Top of INPUT RECORDS
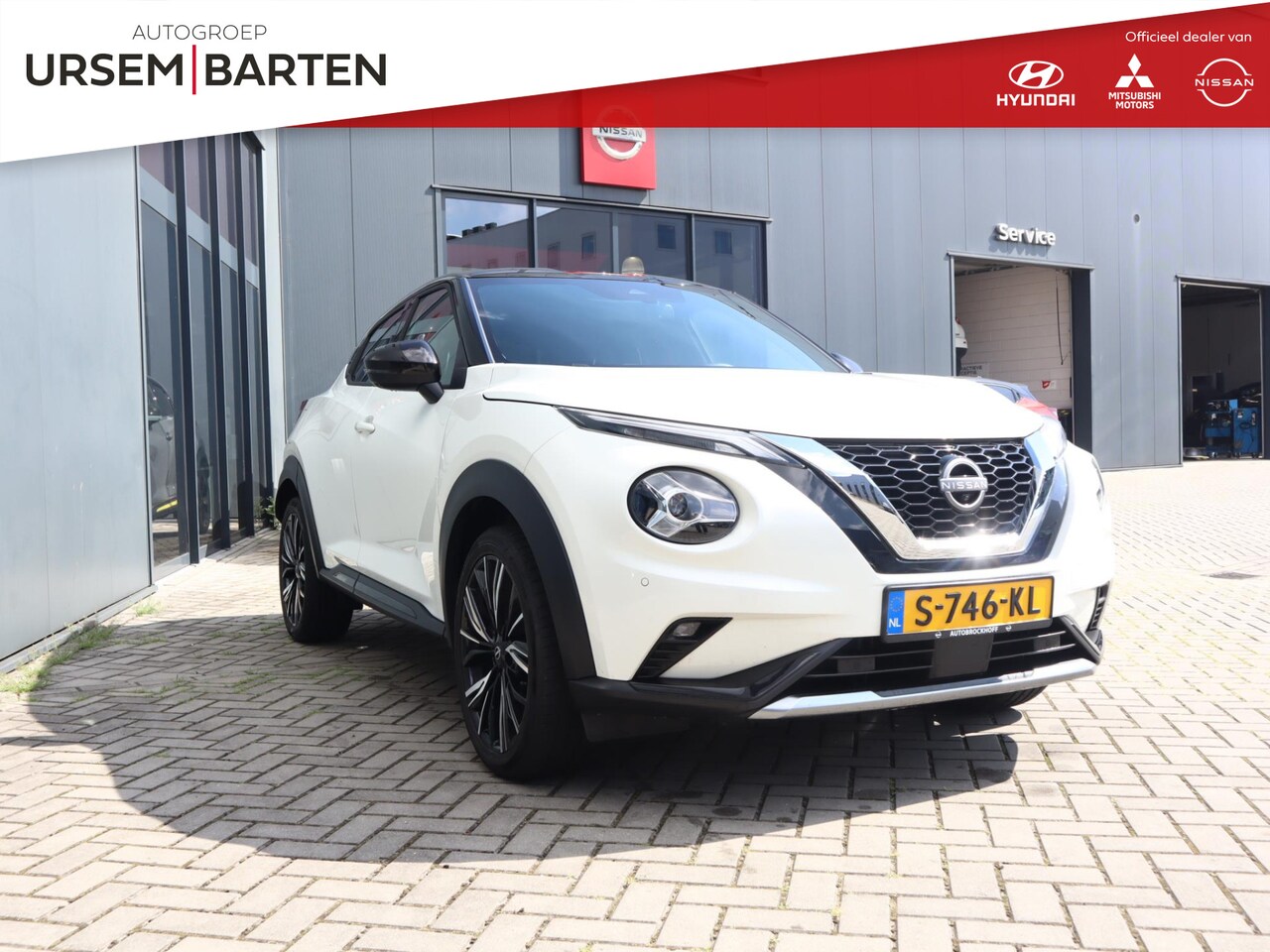 Nissan Juke - 1.0 DIG-T N-Design 1.0 DIG-T N-Design - AutoWereld.nl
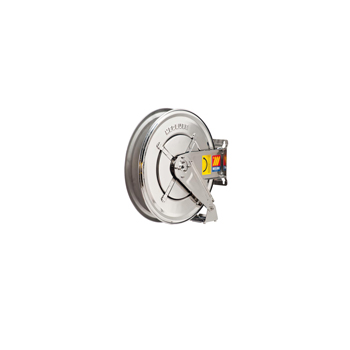 070-2305-300<br>Vaste automatische slanghaspel voor water <br> AISI 304 RVS <br> 150?C <br> 200 bar <br> Model FX-460 <br> zonder slang <br> M3/8"G-M3/8"G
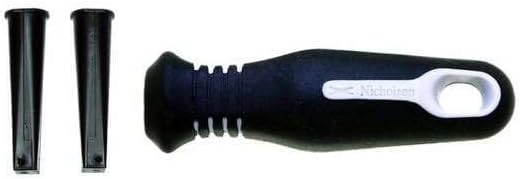 Crescent Nicholson 4-1/2" Ergonomic Rubber File Handle w/ Inserts | 21474H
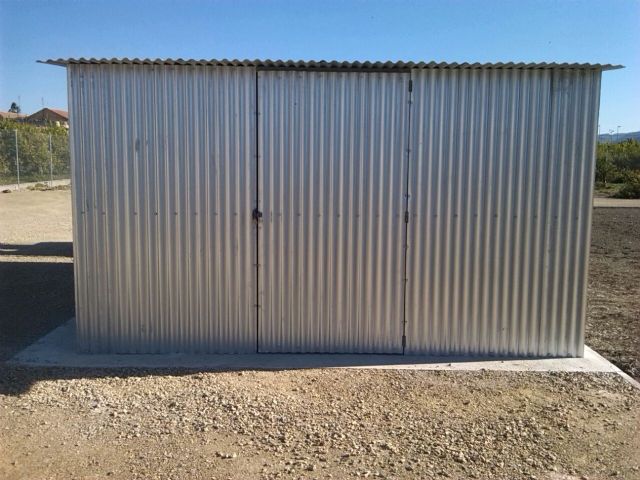 Aljucer estrena huerto de ocio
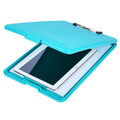 Waterproof A4 Foldable Side-Opening Plastic File Organizer Stationery Clipboards for Profile Storage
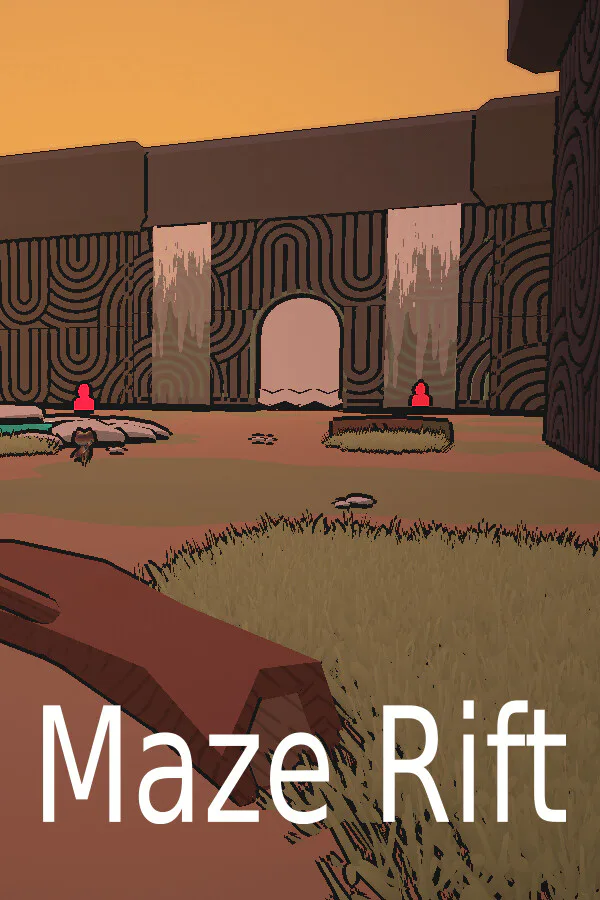 Copertina di Maze Rift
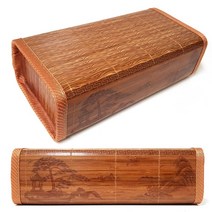 대나무 건강베개 풍경화 (통풍베개 경추베개 쿨베개 여름베개 목침)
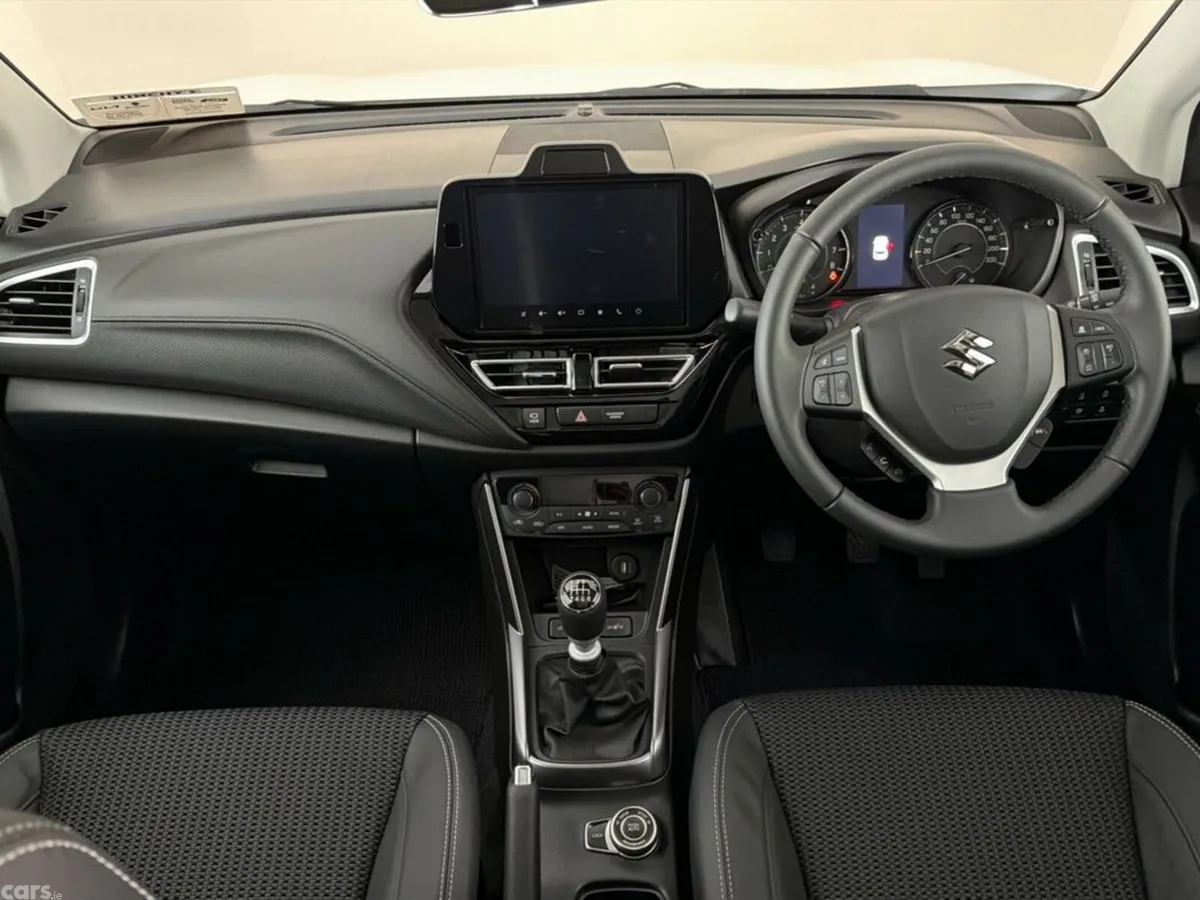 Suzuki S-CROSS SUV, Petrol Hybrid, 2026, White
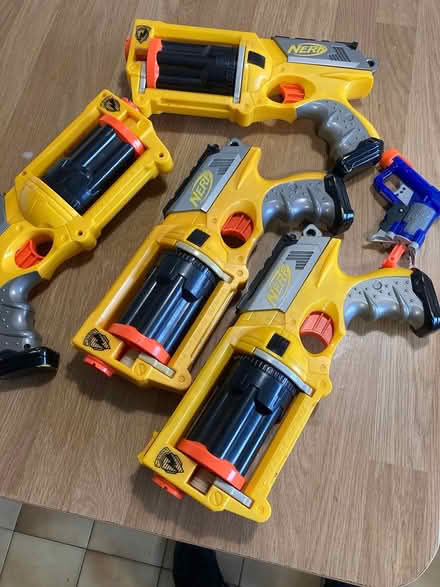 Photo of free Nerf guns (Coldean, BN1) #1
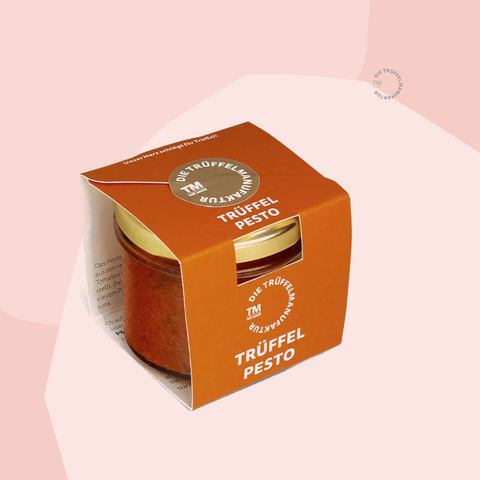 Trüffelmanufaktur Trüffel Pesto rosso Gourmet Geschenke Feinkost Delikatessen Manufakturen Online Shop Feinkostladen Köln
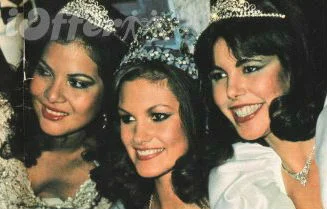 Colômbia (2), Reino Unido (Miss Mundo) e Cátia Pedrosa do Brasil (3).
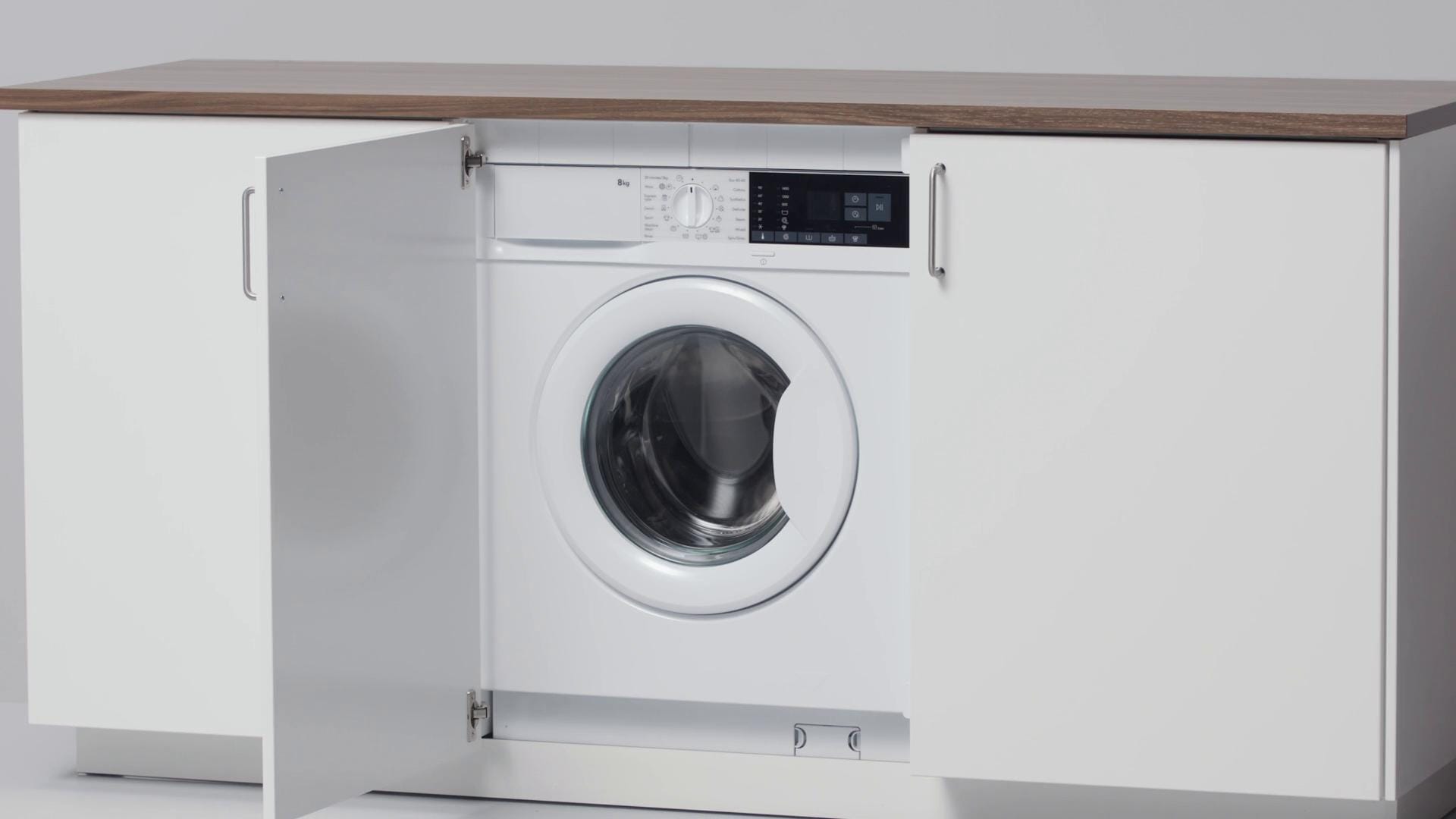IKEA TVÄTTAD Lavatrice Integrata Bianco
Bottom of INPUT RECORDS
TASK OBJECTIVE
Only the lines from the one containing "Trüffelmanufaktur Trüffel Pesto" through the last line of the records above should be repeated, exactly and without pictures.

WORKED SOLUTION
 Trüffelmanufaktur Trüffel Pesto rosso Gourmet Geschenke Feinkost Delikatessen Manufakturen Online Shop Feinkostladen Köln
 Colômbia (2), Reino Unido (Miss Mundo) e Cátia Pedrosa do Brasil (3).
IKEA TVÄTTAD Lavatrice Integrata Bianco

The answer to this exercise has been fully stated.